|The researchers were experimenting with ferromagnet/semiconductor (FM/SC) structures, which are key building blocks for semiconductor spintronic devices (microelectronic devices that perform logic operations using the spin of electrons). The FM/SC structure is sandwich-like in appearance, with the ferromagnet and semiconductor serving as microscopically thin slices between which lies a thinner still insulator made of a few atomic layers of magnesium oxide (MgO).
The researchers found that by simply altering the thickness of the MgO interface they were able to control which kinds of electrons, identified by spin, traveled from the semiconductor, through the interface, to the ferromagnet.
|The researchers found that when the structure's MgO interface is very thin (less than two atomic layers), spin down electrons pass through to the ferromagnet, while spin up electrons are reflected back, leaving only spin up electrons in the semiconductor.
They also found that when the interface is thicker than six atomic layers, both spin up and spin down electrons are reflected back, leaving electrons with zero net spin in the semiconductor.

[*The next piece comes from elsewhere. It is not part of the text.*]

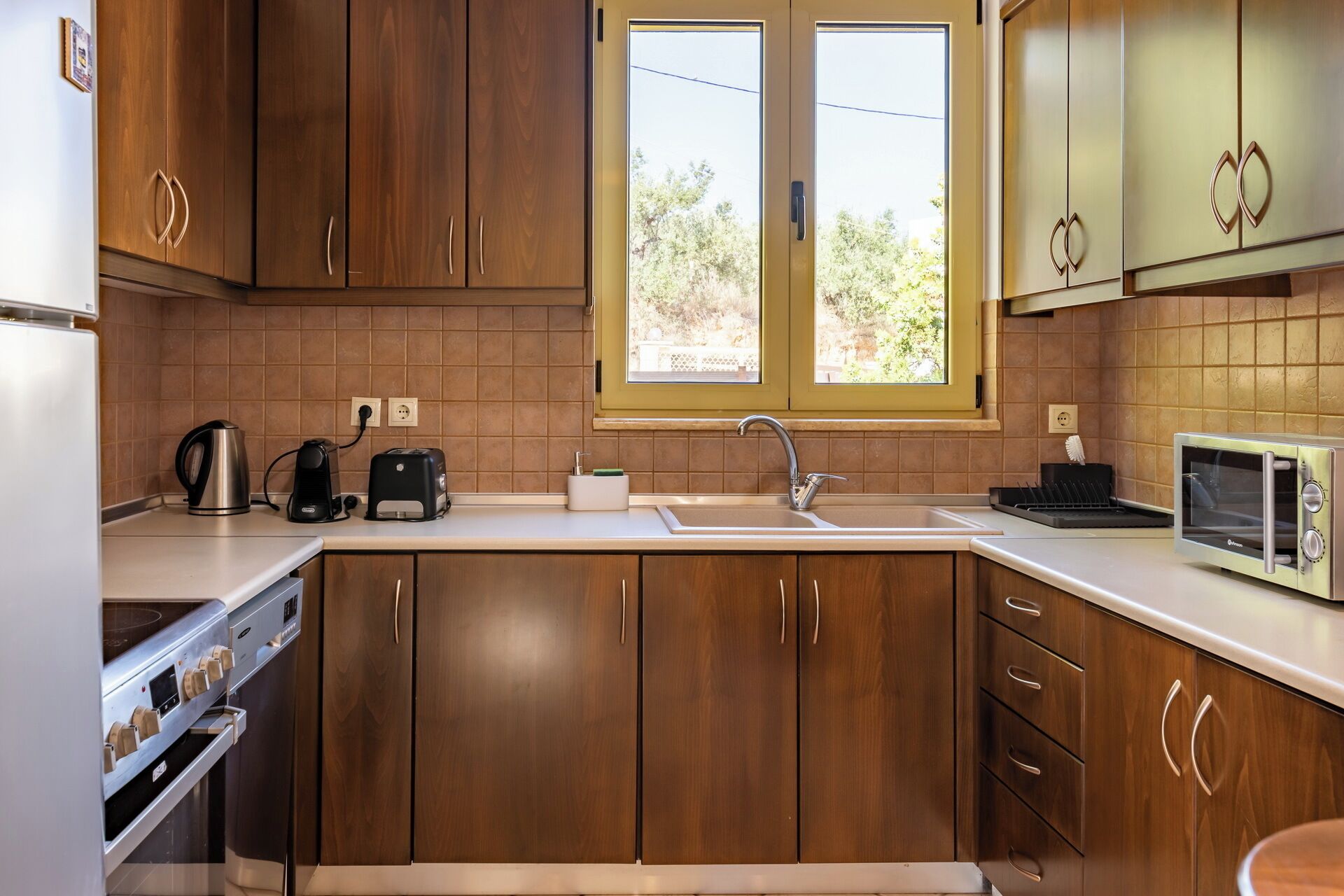 A kitchen with wooden cabinets, a built-in oven, a microwave, a kettle, a toaster, and a sink.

But the surprising result for the researchers was that at an intermediate thickness, ranging from two to six atomic layers, the selectivity of the interface completely changes.
"We see a dramatic and complete reversal in the spin of electrons that pass through the interface," said Roland Kawakami, an assistant professor of physics who led the research team. "This time, spin up electrons pass through while spin down electrons are reflected back to the semiconductor. In other words, the thickness of the MgO interface determines whether spin up or spin down electrons are allowed to pass through it."
According to his research team, such a "spin reversal" can be used to control current flow.